3. Men can love more than one person at a time and if they really loved the first partner then it takes many men a very long time to get over that relationship. This is normal and it does not mean he does not love you. The problem is that he rushed into a second relationship before he had a chance to get over and heal from the first one. Time and distance from the first relationship can help with that.
4. Tell your husband exactly what you need him to do to show his love for you and for the baby. Be specific. Don’t assume he should know these things. Many women make a huge mistake when they “assume” their partners should know what to do and how to do it. The majority of men need guidance and specifics when it comes to such things. The more specific you can be the better and more confident he will feel because he will not have to guess at what is needed or expected. For example: If you want him to show more concern and interest with the baby then tell him something like this “honey, I would like for you to feel my stomach for just a few seconds every night before we go to bed to see if you can feel the baby move”. Remember be specific – ask for exactly what you want and tell him exactly what to do. He is not a mind reader and never will be. Don’t keep your expectations to yourself – define them for yourself and then be very specific in giving direction to your husband.
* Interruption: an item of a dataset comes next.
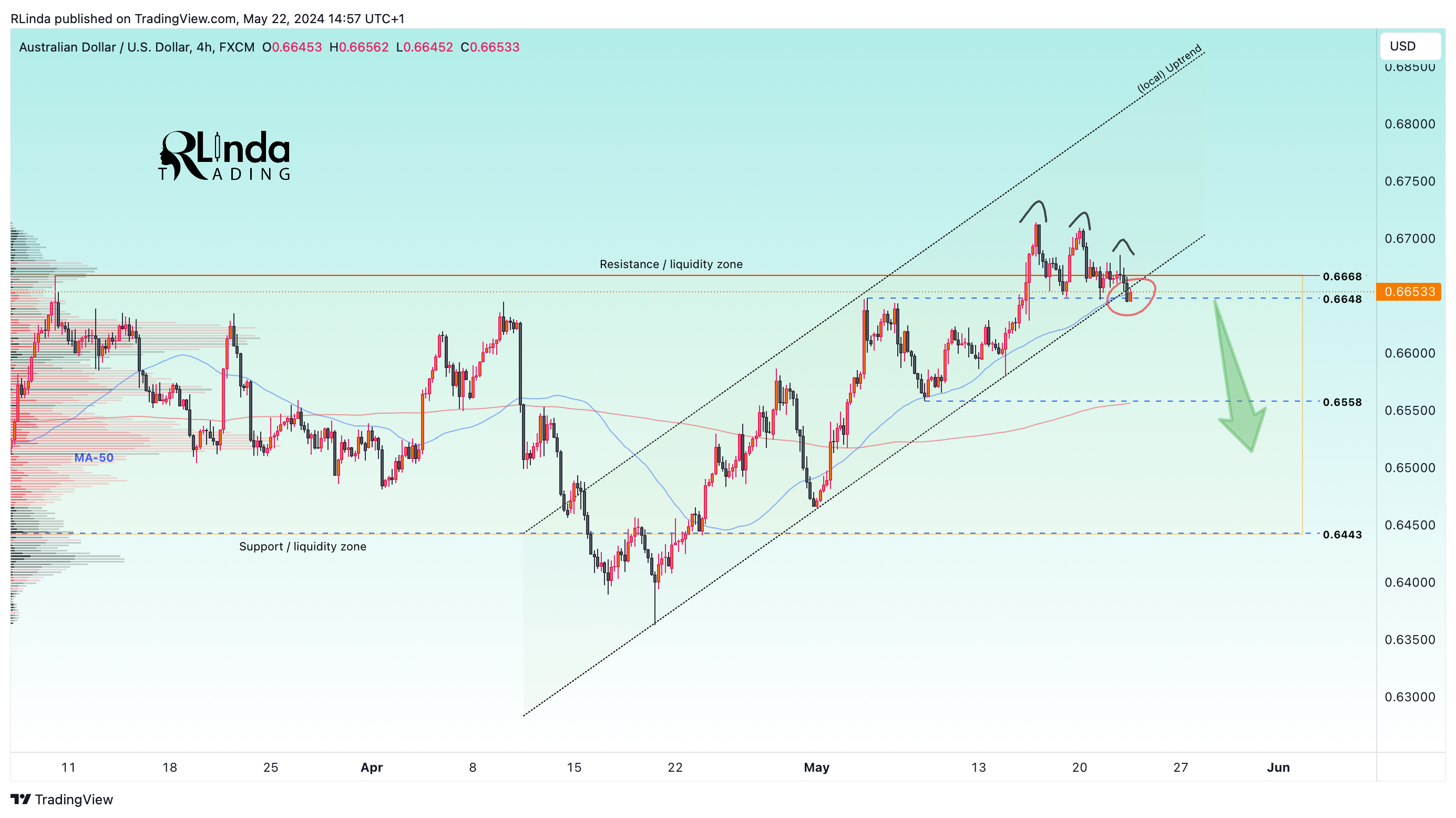 FX:AUDUSD Chart Image by RLinda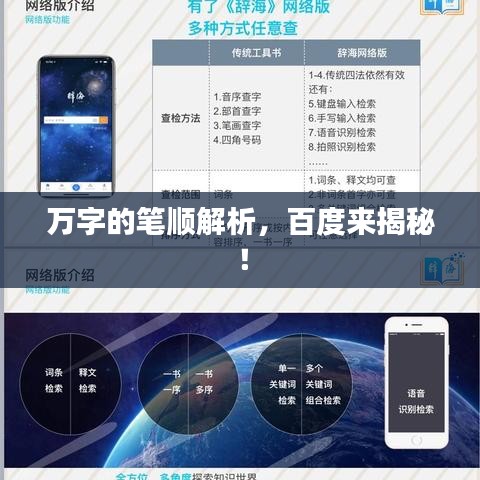 万字的笔顺解析，百度来揭秘！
Once you try all of the above give it a few months to see if things improve. If you don’t feel they are then I highly recommend marriage counseling. Insist on it. If your husband refuses to go then go yourself. Statistics have shown that you can improve a marital relationship even if only one of you seeks out counseling.
Your husband needs guidance and direction on how to show you that he loves you. Be open and honest with how your are feeling without shaming him in any way. Ask for what you need and want and then give him a chance to give those things to you.
Please understand you have free will. This advice is given only in the realm of personal growth and self-help. This is not to be considered a substitute for therapy or professional counseling. We wish you well.